Reproduce the records precisely. Omit every picture.

(Stored data entries)

^^^^^^^^^^^^^^^^

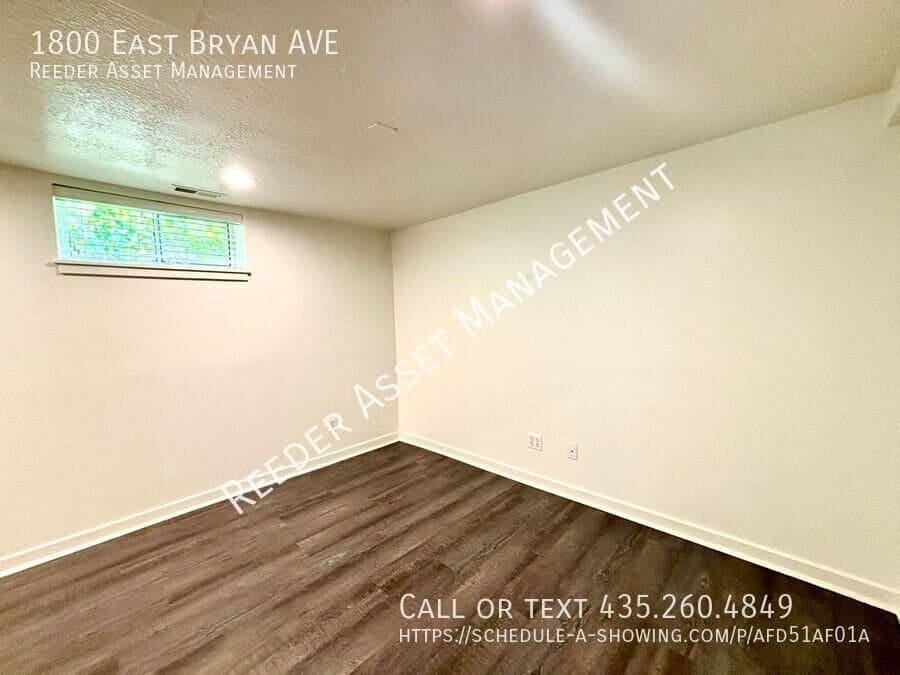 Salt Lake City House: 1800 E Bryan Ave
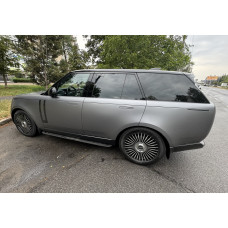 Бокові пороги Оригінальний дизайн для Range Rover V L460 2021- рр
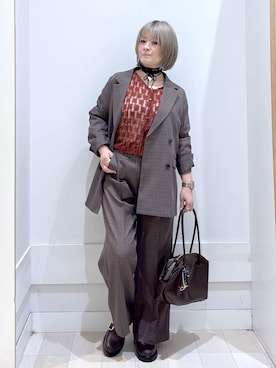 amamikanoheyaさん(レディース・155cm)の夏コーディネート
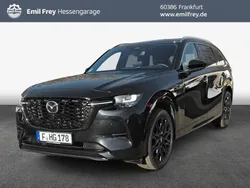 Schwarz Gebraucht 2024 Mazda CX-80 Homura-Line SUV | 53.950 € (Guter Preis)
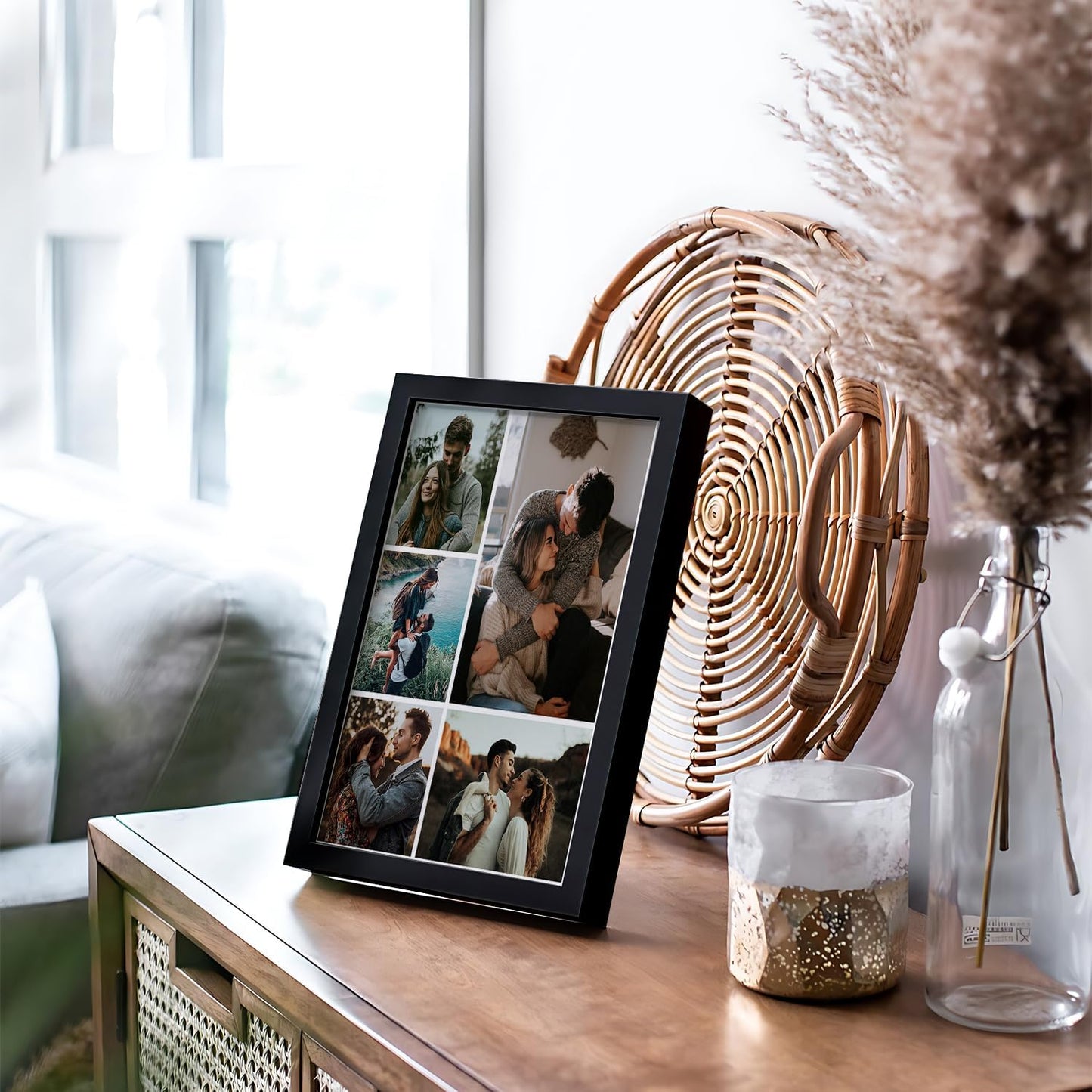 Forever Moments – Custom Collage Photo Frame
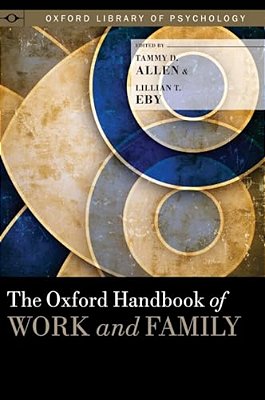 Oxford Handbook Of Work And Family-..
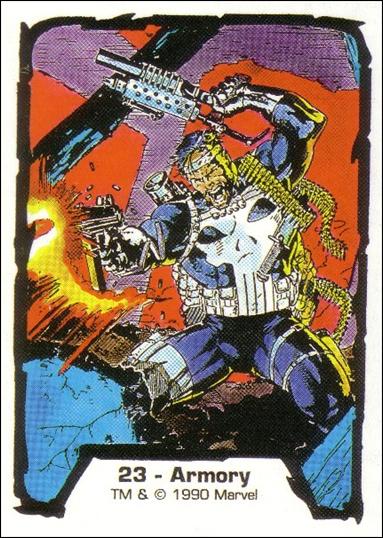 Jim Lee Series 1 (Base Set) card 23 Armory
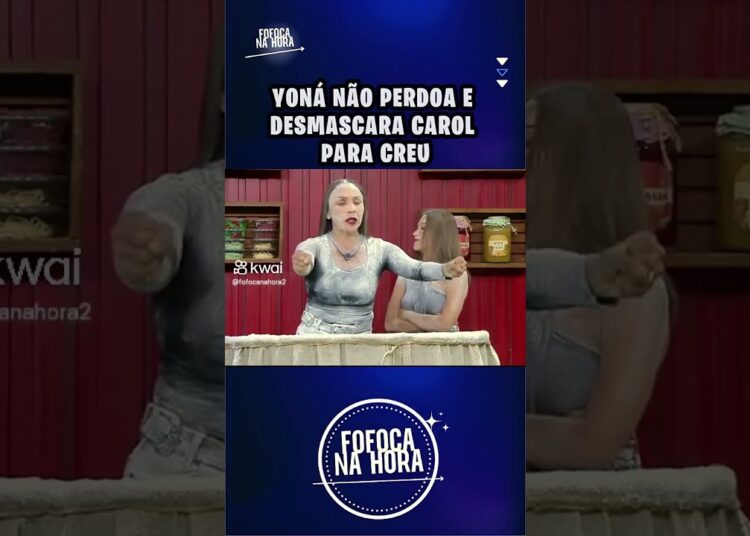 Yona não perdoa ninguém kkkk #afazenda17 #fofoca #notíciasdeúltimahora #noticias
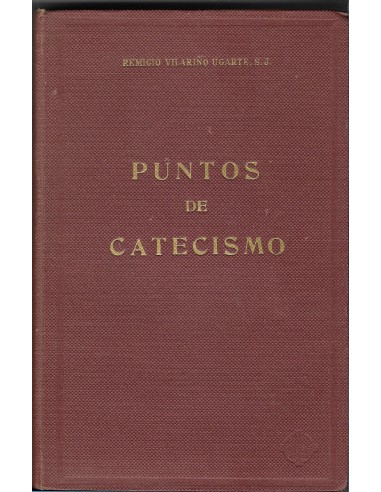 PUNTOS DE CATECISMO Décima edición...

^^^^^^^^^^^^^^^^

## [Written answer]
 Salt Lake City House: 1800 E Bryan Ave
 Бокові пороги Оригінальний дизайн для Range Rover V L460 2021- рр
 amamikanoheyaさん(レディース・155cm)の夏コーディネート
 Schwarz Gebraucht 2024 Mazda CX-80 Homura-Line SUV | 53.950 € (Guter Preis)
 Forever Moments – Custom Collage Photo Frame
 Oxford Handbook Of Work And Family-..
 Jim Lee Series 1 (Base Set) card 23 Armory
 Yona não perdoa ninguém kkkk #afazenda17 #fofoca #notíciasdeúltimahora #noticias
 PUNTOS DE CATECISMO Décima edición...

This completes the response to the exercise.